Directions for this task: Repeat exactly what runs from the line with "Chevrolet Impala SS" through the last line of the material, and keep the pictures out of it.

Exercise data:
....
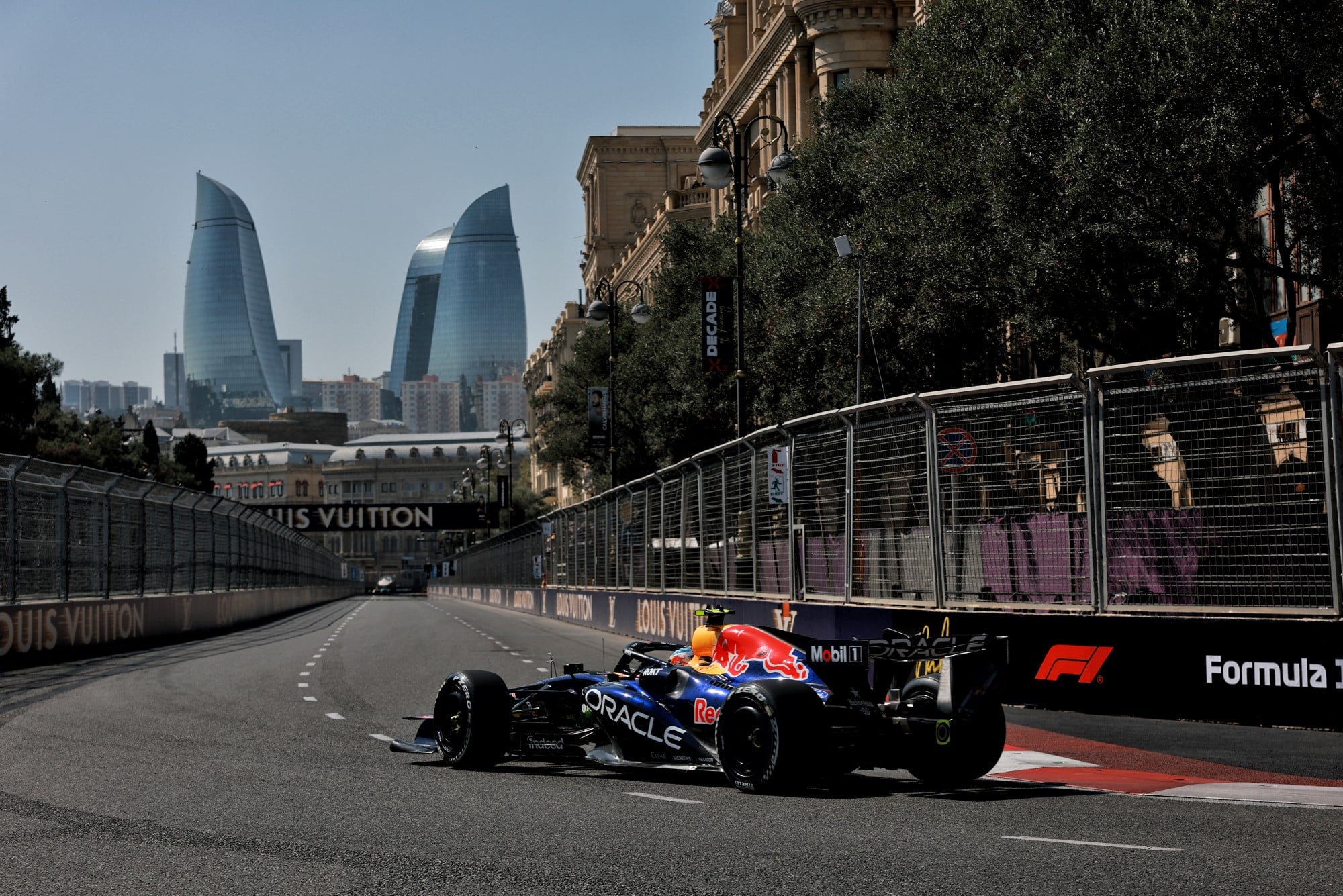 F1: Confira as imagens desta sexta-feira da F1 em Baku Isack Hadjar (FRA) Red Bull Racing RB22.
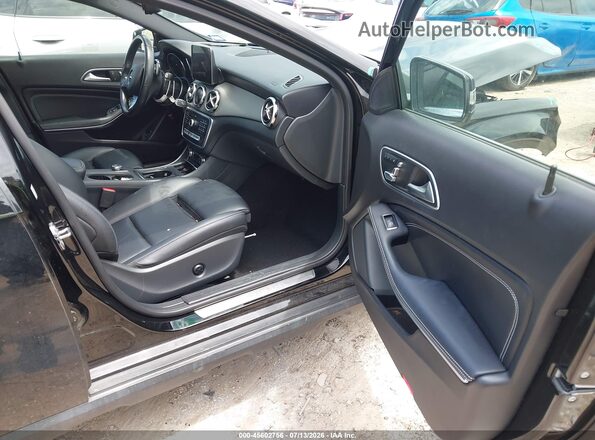 W1NTG4EB6LU030054 2020 MERCEDES-BENZ GLA 250 Black Front interior view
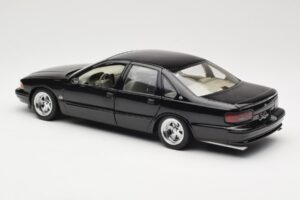 Chevrolet Impala SS Negru AUTOart 1:18 71091 Metal - imaginea 7 din 8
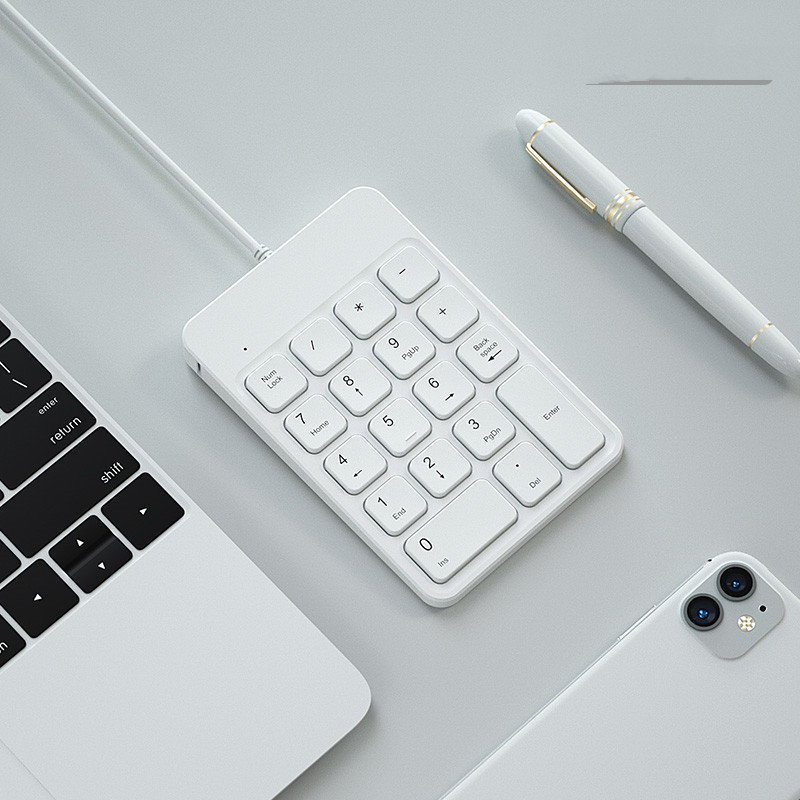 White wireless keyboard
....
Response box:
 Chevrolet Impala SS Negru AUTOart 1:18 71091 Metal - imaginea 7 din 8
 White wireless keyboard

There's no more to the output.